Entries supplied:
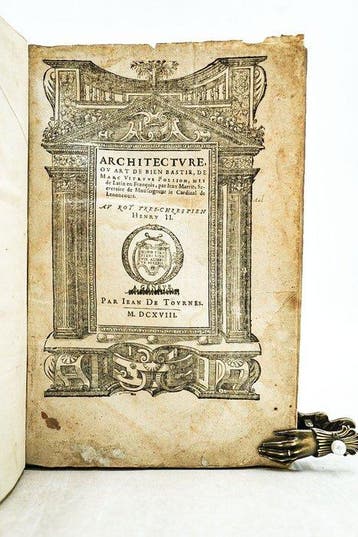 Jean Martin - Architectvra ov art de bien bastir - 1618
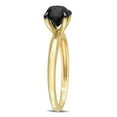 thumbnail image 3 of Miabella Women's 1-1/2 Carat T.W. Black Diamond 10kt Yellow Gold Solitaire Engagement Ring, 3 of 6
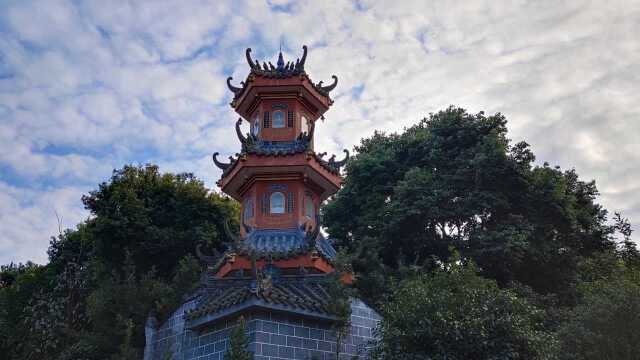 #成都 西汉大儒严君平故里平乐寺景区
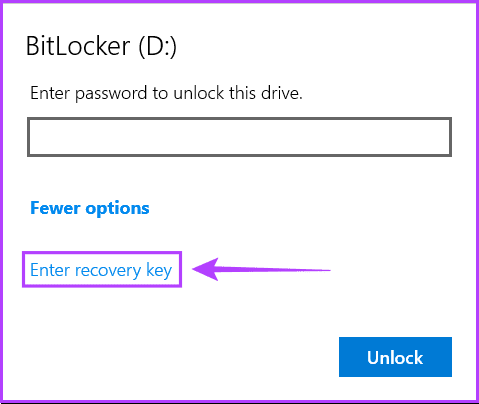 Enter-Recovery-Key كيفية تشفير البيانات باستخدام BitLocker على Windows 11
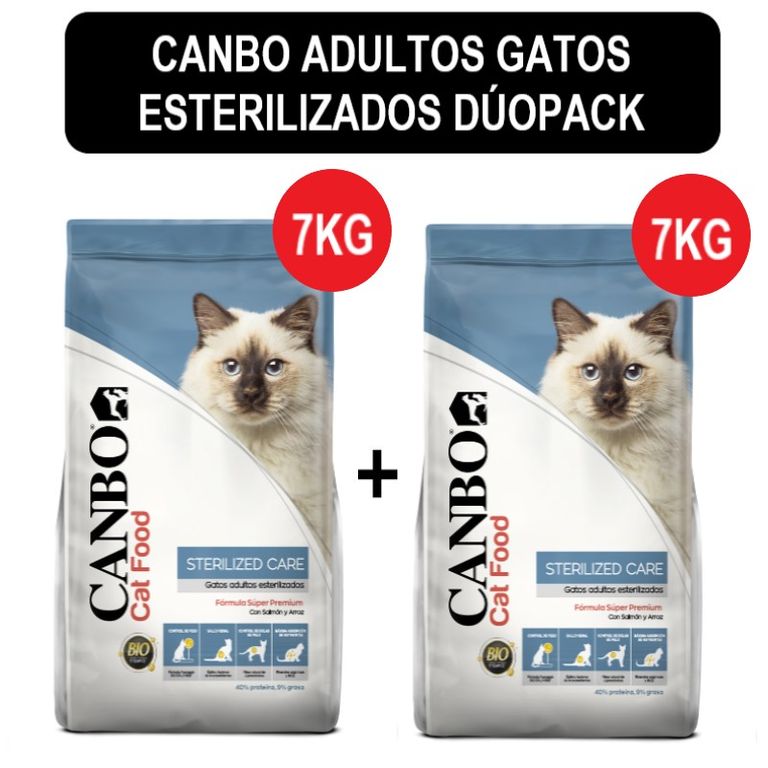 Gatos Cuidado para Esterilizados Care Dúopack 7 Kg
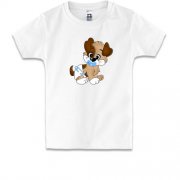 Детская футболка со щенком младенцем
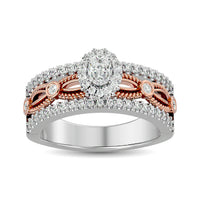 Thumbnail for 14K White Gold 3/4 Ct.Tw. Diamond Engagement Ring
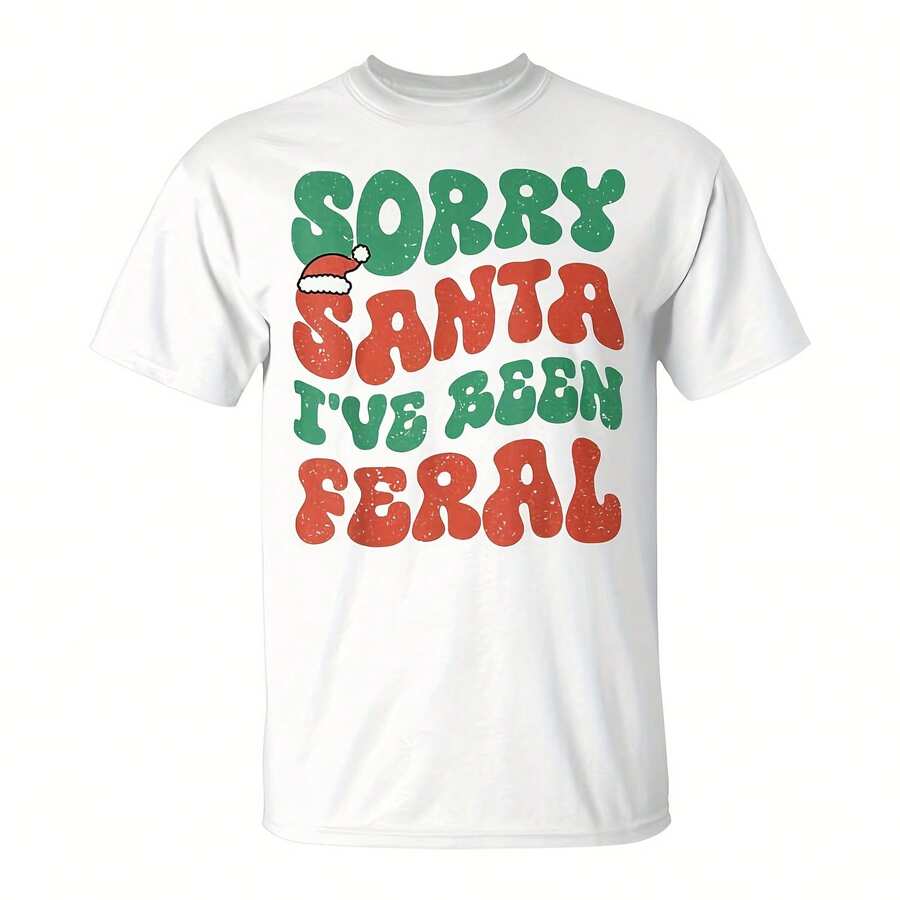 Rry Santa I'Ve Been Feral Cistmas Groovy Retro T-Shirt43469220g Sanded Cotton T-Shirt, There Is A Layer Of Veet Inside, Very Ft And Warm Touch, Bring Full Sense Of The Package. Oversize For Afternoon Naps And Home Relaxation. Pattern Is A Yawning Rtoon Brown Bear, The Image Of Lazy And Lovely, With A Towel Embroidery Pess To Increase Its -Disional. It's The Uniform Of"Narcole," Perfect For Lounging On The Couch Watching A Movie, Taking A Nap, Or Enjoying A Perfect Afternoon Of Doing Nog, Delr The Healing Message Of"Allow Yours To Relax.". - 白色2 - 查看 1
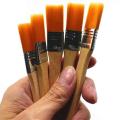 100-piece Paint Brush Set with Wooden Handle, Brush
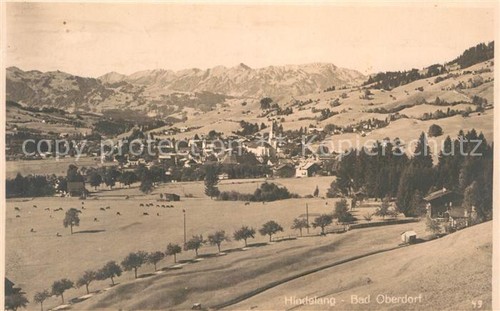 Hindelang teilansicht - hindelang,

Activity:
Pictures are to be left out; otherwise, copy exactly each line from the one containing "#成都 西汉大儒严君平故里平乐寺景区" through the last line of the listing.

Reply:
 #成都 西汉大儒严君平故里平乐寺景区
 Enter-Recovery-Key كيفية تشفير البيانات باستخدام BitLocker على Windows 11
 Gatos Cuidado para Esterilizados Care Dúopack 7 Kg
 Детская футболка со щенком младенцем
 Thumbnail for 14K White Gold 3/4 Ct.Tw. Diamond Engagement Ring
 Rry Santa I'Ve Been Feral Cistmas Groovy Retro T-Shirt43469220g Sanded Cotton T-Shirt, There Is A Layer Of Veet Inside, Very Ft And Warm Touch, Bring Full Sense Of The Package. Oversize For Afternoon Naps And Home Relaxation. Pattern Is A Yawning Rtoon Brown Bear, The Image Of Lazy And Lovely, With A Towel Embroidery Pess To Increase Its -Disional. It's The Uniform Of"Narcole," Perfect For Lounging On The Couch Watching A Movie, Taking A Nap, Or Enjoying A Perfect Afternoon Of Doing Nog, Delr The Healing Message Of"Allow Yours To Relax.". - 白色2 - 查看 1
 100-piece Paint Brush Set with Wooden Handle, Brush
 Hindelang teilansicht - hindelang,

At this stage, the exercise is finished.